Use of Front & Shell Companies

Legal source funds are mixed with illegal funds to launder them easily. Multiple front companies already deal in natural resources hence have the benefit of the doubt to conceal illegal products and funds strategically. For instance, in 2015, the Singaporean Authority busted an unusual shipment from Africa into Asia that was originally shown as teabag exports. The criminals had stashed the bags with ivory and other animal parts underneath the tea bags. All the dealings occurred through a front company to justify the financial flows. 

There are shell companies that are registered as a “waste management company” or any other environmental industry to launder money successfully. For example, launderers hide their money by showing that they bought resources from these industries, whereas in reality, such is not the case. 

Regulatory Stance On Money Laundering through Environmental Crimes

The FATF’s report on “Money Laundering From Environmental Crimes” highlights the need for regulatory authorities to solve the money laundering problems generated from environmental crimes.

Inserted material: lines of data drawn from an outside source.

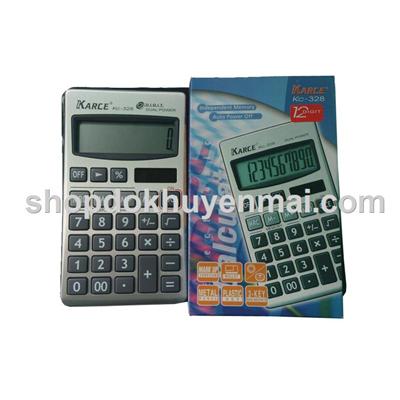 Máy tính Karce 8 số (KC - 328)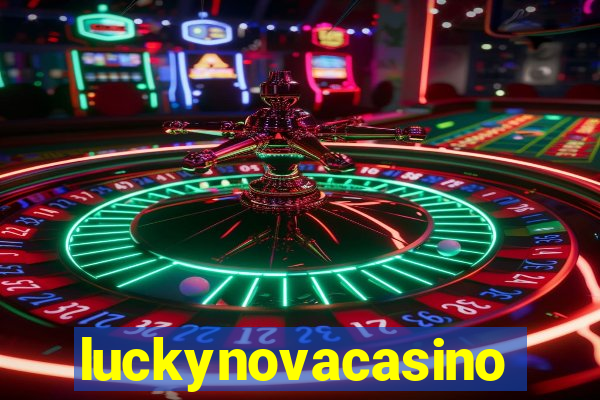 luckynovacasino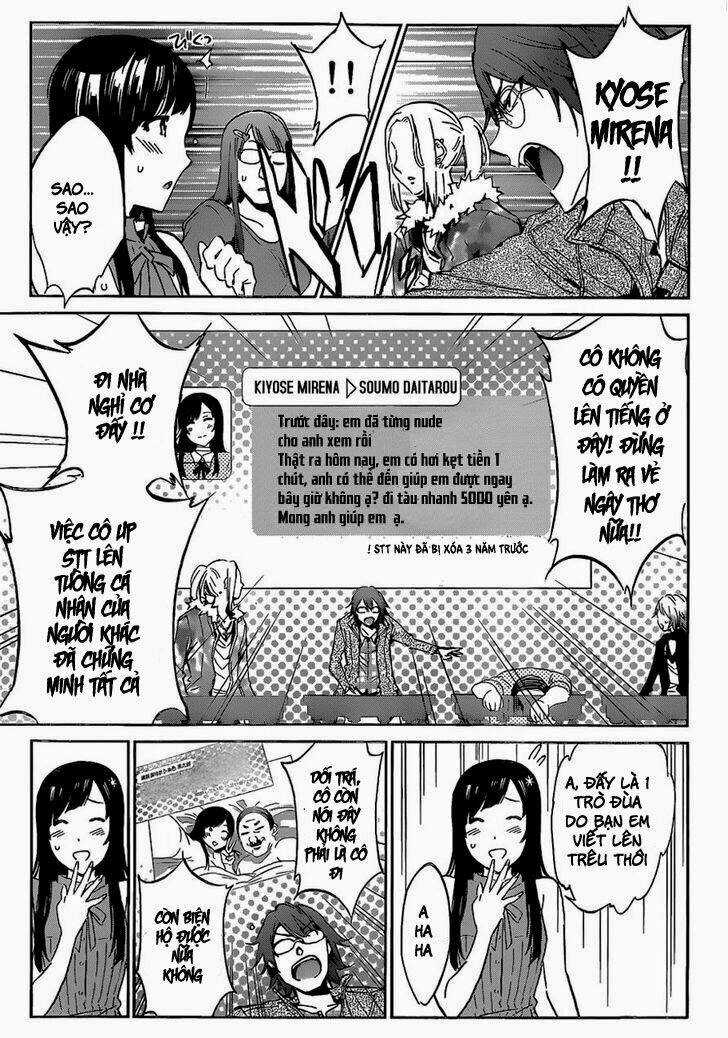 Real Account Ii - Chapter 0.7 - Trang 3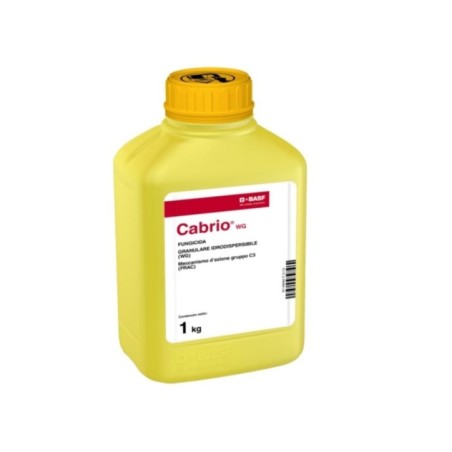 Cabrio wg fungicida Basf 1 kg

The illegal wildlife trade, illicit logging, and numerous offenses make it essentially important for financial institutions to initiate investigations within the public and private sectors. 

The “FinCEN’s Calls Attention to Environmental Crimes and Related Financial Activity” on Nov 18, 2021, highlights instructions for financial institutions to file SARs when detecting environmental crimes. 

Both the regulatory authorities have stated instructions for financial institutions to take IWT and other environmental crimes seriously. It is not just an economic offense but also damages to our prestigious environment. The future obligations may become harsher for institutions that do not pay attention to detail regarding environmental crimes related to financial flows. 

What can Financial Institutions do for Enhanced AML Compliance?

The foremost concern for businesses is to recognize IWT and other environmental crimes as financial crimes. Moreover, creating an AML policy is equally necessary to combat rising environment-related crime risks. 

Other than the aforementioned solutions, financial institutions must incorporate robust AML verification solutions that can indicate red flags related to environmental crimes. Any person related to the environment or wildlife-related activities must go through stringent AML checks. When onboarding, zookeepers, breeders, herbal companies, international traders associated with the environmental industry must undergo proper screening.